Search code examples
pythondataframeperformanceoptimization

Identifying specific items in a df list field to update other fields, at scale


I’ve reached my first real data engineering problem, and I am looking for the optimal one to do an action. I have a very large dataframe (15 columns, over 20M rows).Each rows contains the following 2 columns:

  • “app_id”, which contains a list (actually, a string but I can turn the string to a list of string).
  • “developer”, a simple text field
  • "owner", a simple text field

I'm looking for the most optimal way to change the 'developer' and 'owner' field values, based on whether there is a certain list item in the app_id field. In fact, I have more fields that I'd like to change, but maybe I'm better of merging it. Here is an example of code that does what I intend to do:

import pandas as pd

#sample dataframe
data = {
    'app_id': [
        ['app_id_1', 'app_id_2'],
        ['app_id_1', 'app_id_2','app_id_5'],
        ['app_id_3', 'app_id_4'],
        ['app_id_3', 'app_id_4'],
        ['app_id_1', 'app_id_2']
    ],
    'developer': ['Developer 1'] * 5,
    'owner': ['Owner 1'] * 5,
}
df = pd.DataFrame(data)
#Make that df 1 millions row for benchmarking time
df = pd.concat([df]*200000, ignore_index=True)

# list of apps that I want to change the 'developer' column for
apps_dev2 = ['app_id_1', 'app_id_2']
apps_dev3 = ['app_id_3']

#dictionary that contains the changes that I want to make. For simplicity in this example there's just one item in dictionary and 2 attributes. 
dict_apps_changes = {
  'Dev2': {'developer':'Developer 2',
           'apps': apps_dev2,
           'owner': 'Owner 2',
          },
  'Dev3': {'developer':'Developer 3',
           'apps': apps_dev3,
           'owner': 'Owner 3',
          },
}

I tried this:

df_updated = df.copy()
for key, value in dict_apps_changes.items():
    df_updated.loc[df_updated['app_id'].apply(lambda x: any(item in x for item in value['apps'])), 'developer'] = value['developer']
    df_updated.loc[df_updated['app_id'].apply(lambda x: any(item in x for item in value['apps'])), 'owner'] = value['owner']
df_updated

Which is taking more time as the dictionary grows, of course. Also with more fields added.

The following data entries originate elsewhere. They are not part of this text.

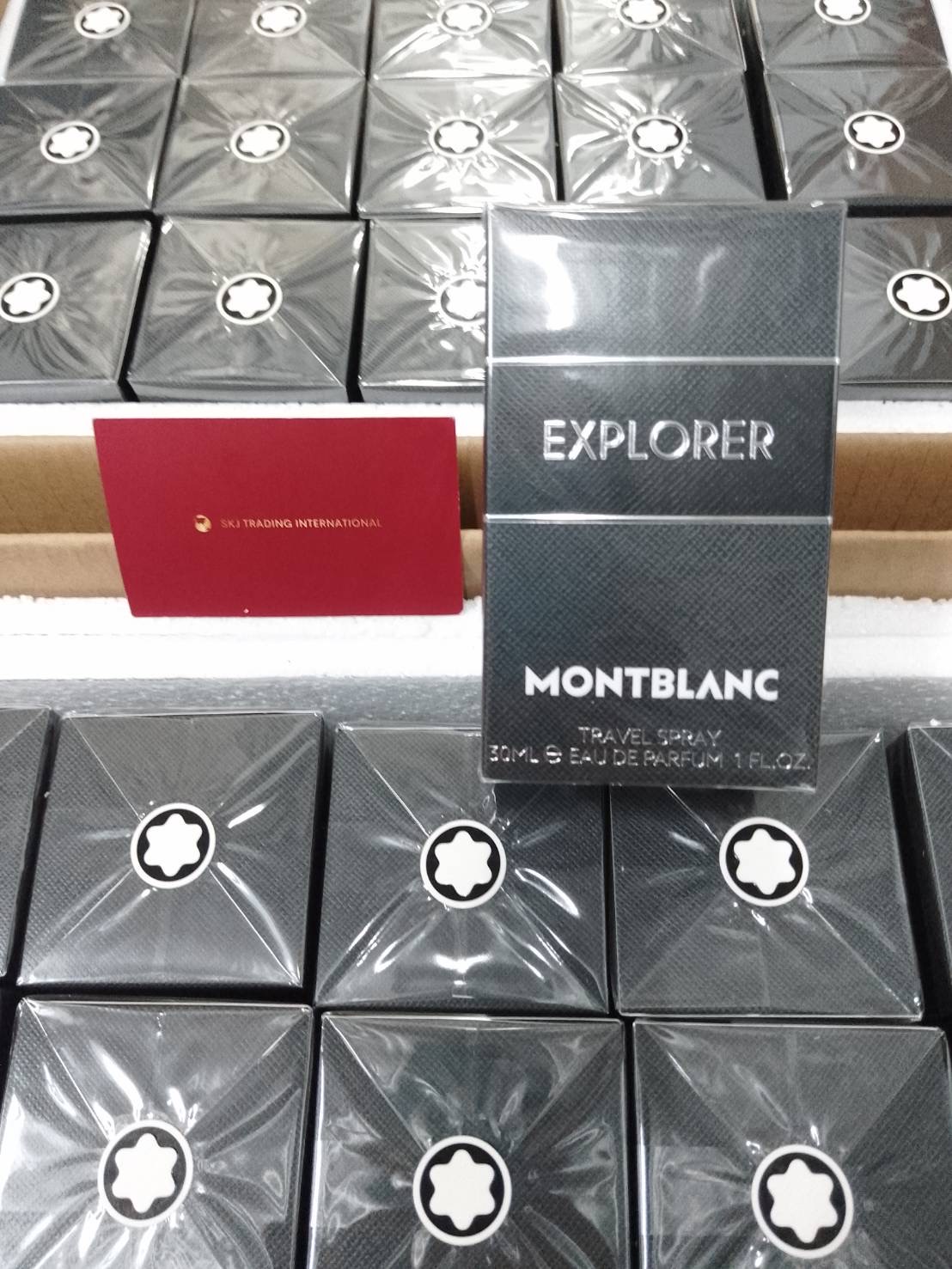 Mont Blanc Explorer EDP 100ml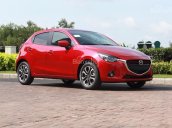 Cần bán Mazda 2 đời 2017, màu đỏ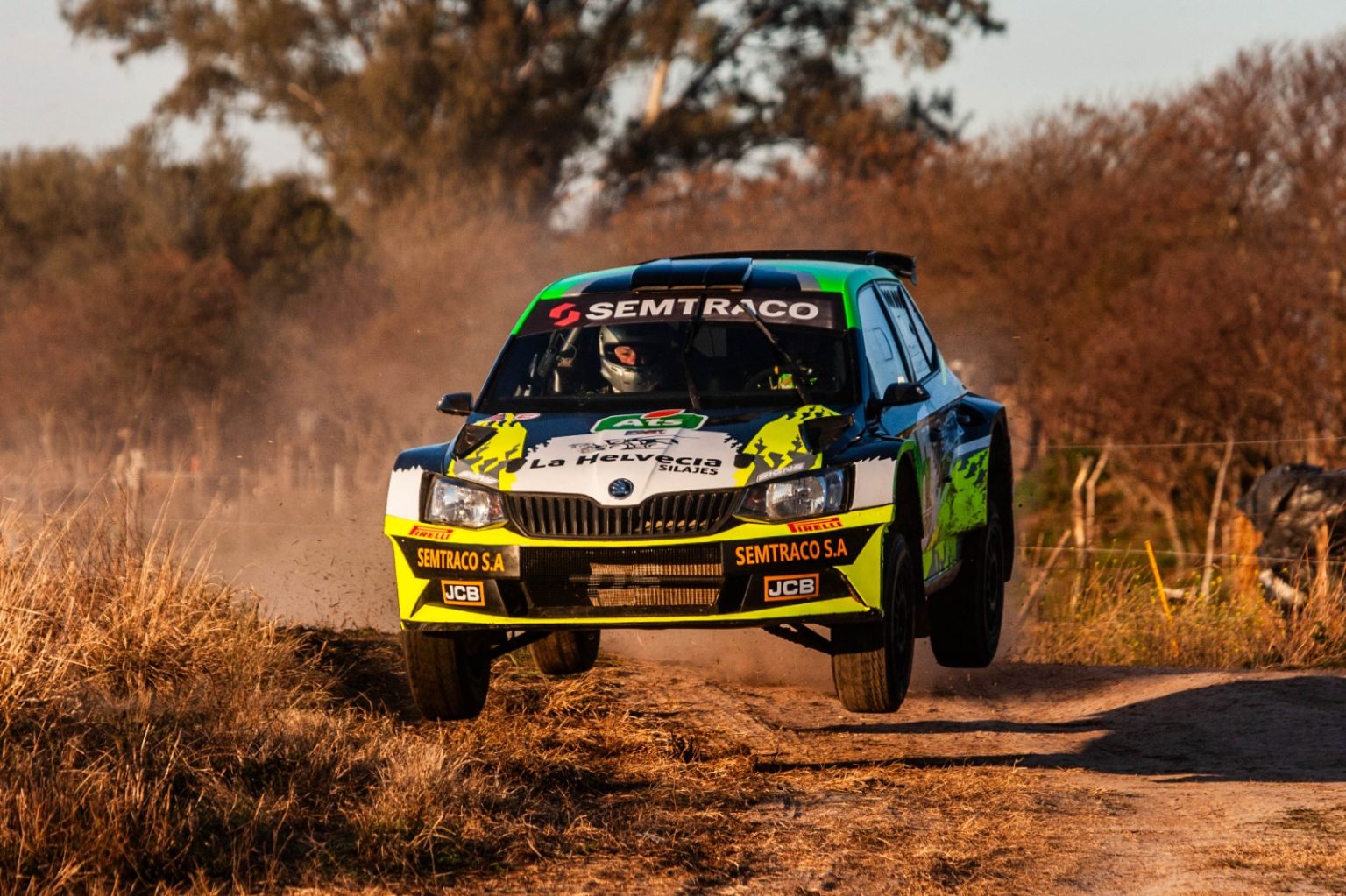 Llega el Rally a Villa María: habrá tramos en Villa Nueva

Does anyboday know a way to make it even faster? Note: the df is pulled from a SQL BigQuery table, so happy to embed SQL in my python code if that's the way to go..


Solution

  • I can see you’re using a row by row iteration approach which is quite inefficient as the df size grows. You can use a couple of things to optimize the approach.

    1. Flatten the dict_apps_changesdataframe.
    2. Use Dataframe.update method which is a vectorized operation built into Pandas that applied to the dataframe in one go.

    Here’s an update snippet you can try

    # Flatten dict_apps_changes for efficient lookups
    flattened_dict_app_changes = {}
    for dev_key, dev_info in dict_apps_changes.items():
        for app in dev_info['apps']:
            flattened_dict_app_changes[app] = {'developer': dev_info['developer'], 'owner': dev_info['owner']}
    
    # Function to apply changes based on app_id
    def apply_changes(row):
        for app_id in row['app_id']:
            if app_id in flattened_dict_app_changes:
                return   flattened_dict_app_changes[app_id]
        return {'developer': row['developer'], 'owner': row['owner']}
    
    # Vectorized operation for updating rows
    df = df['app_id'].apply(apply_changes).apply(pd.Series)
    df.update(changes)